[EXCERPTED RECORDS]
_____
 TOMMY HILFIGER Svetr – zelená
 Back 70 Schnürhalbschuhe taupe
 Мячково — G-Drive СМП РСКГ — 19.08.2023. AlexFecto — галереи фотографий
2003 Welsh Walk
_____
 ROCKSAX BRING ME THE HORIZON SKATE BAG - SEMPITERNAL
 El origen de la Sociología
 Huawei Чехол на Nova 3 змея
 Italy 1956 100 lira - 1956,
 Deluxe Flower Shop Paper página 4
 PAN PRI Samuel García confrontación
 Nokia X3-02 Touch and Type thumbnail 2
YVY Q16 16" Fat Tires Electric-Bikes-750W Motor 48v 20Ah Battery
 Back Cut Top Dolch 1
_____
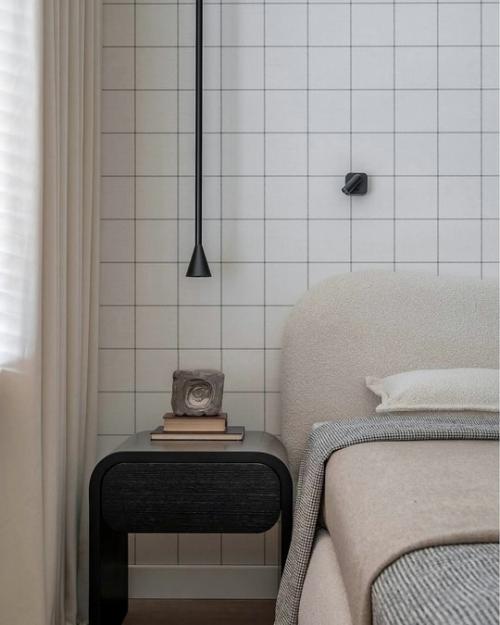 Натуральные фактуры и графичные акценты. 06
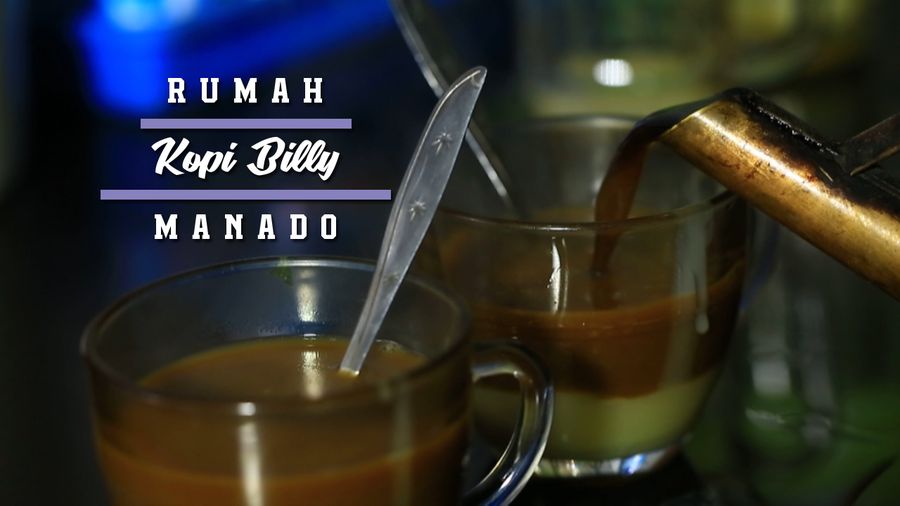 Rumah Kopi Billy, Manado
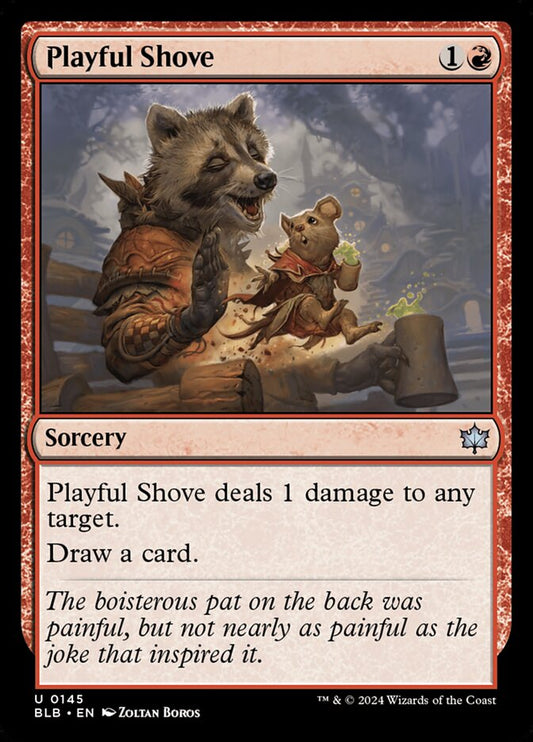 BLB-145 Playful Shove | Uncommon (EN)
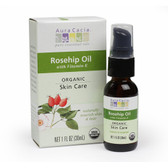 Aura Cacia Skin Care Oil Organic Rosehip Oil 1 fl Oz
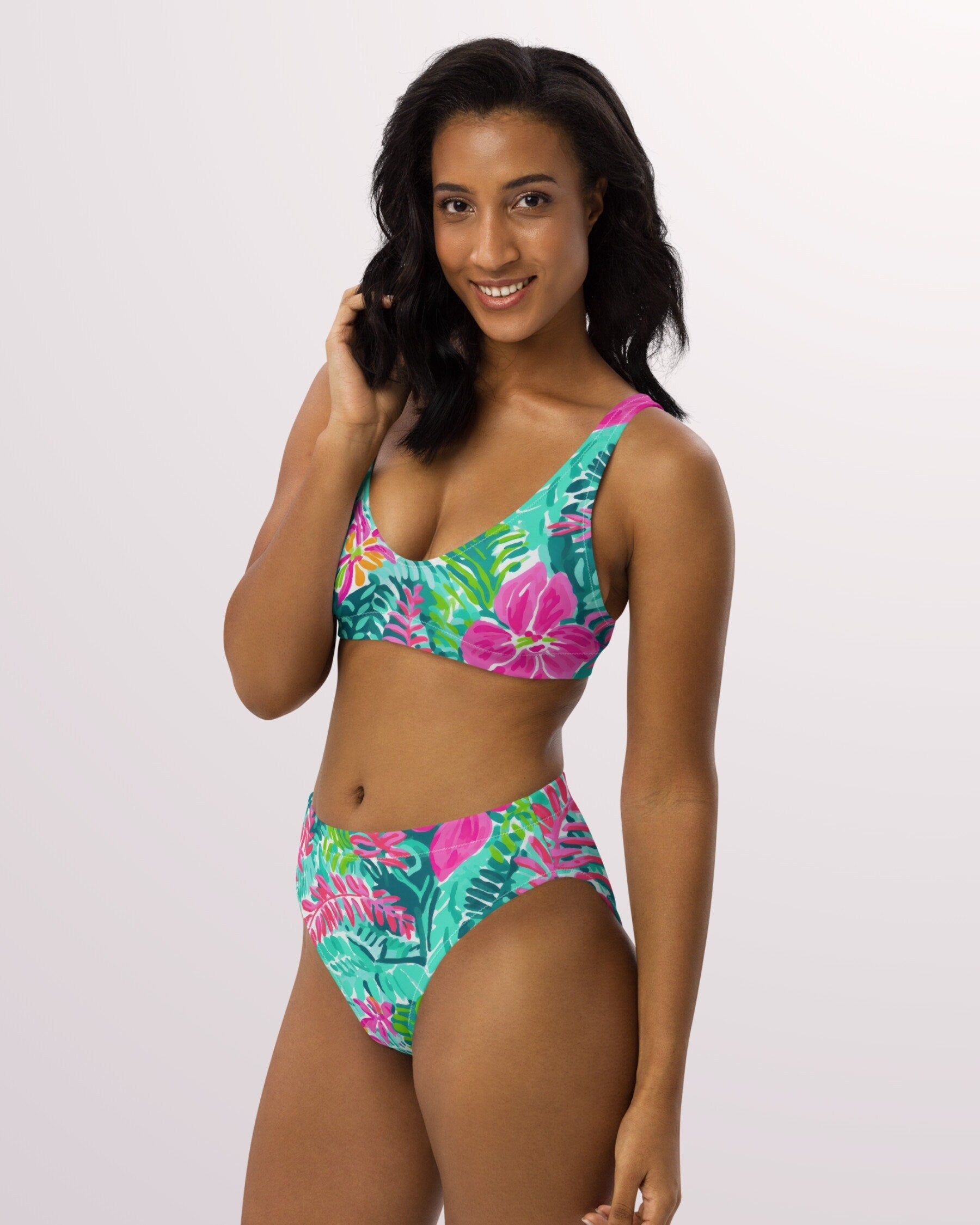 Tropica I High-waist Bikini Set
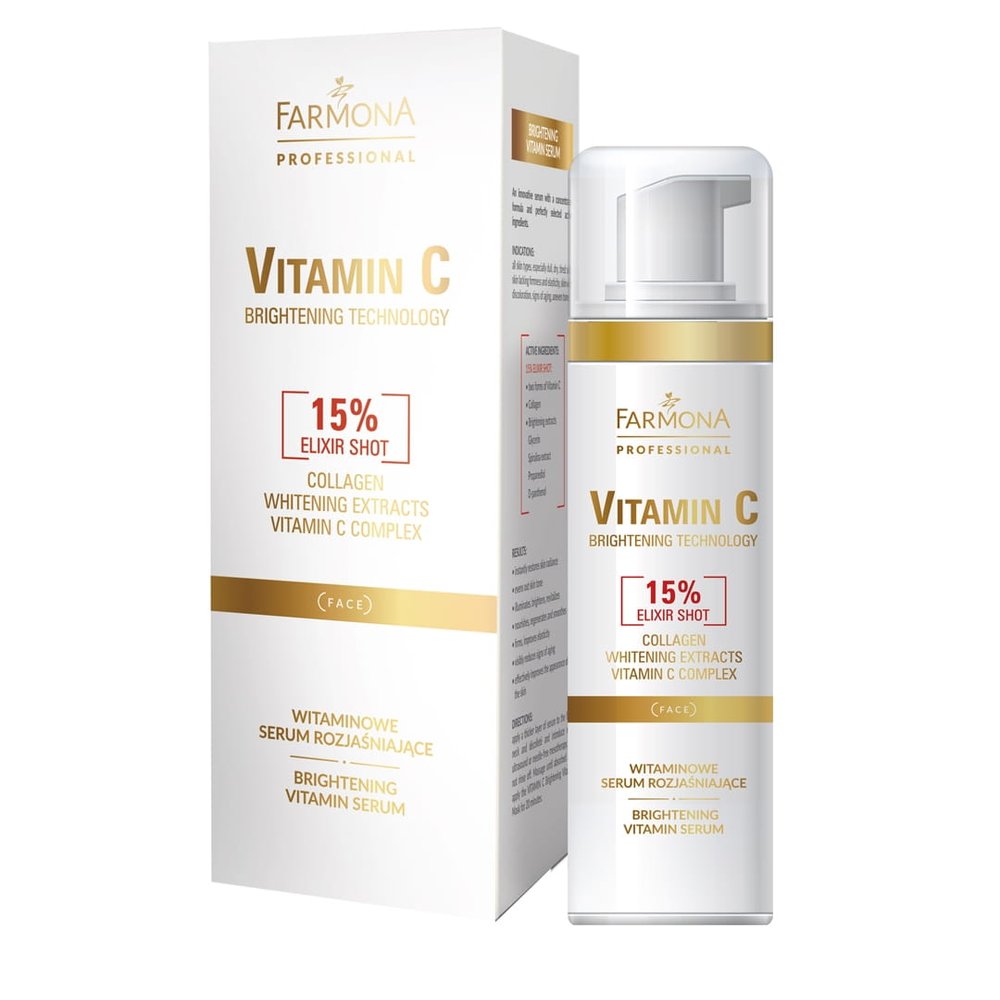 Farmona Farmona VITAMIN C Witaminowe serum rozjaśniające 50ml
_____
[YOUR OBJECTIVE] Collect the lines of the records that include the string "Back".

[EXERCISE SOLUTION]
 Back 70 Schnürhalbschuhe taupe
 Back Cut Top Dolch 1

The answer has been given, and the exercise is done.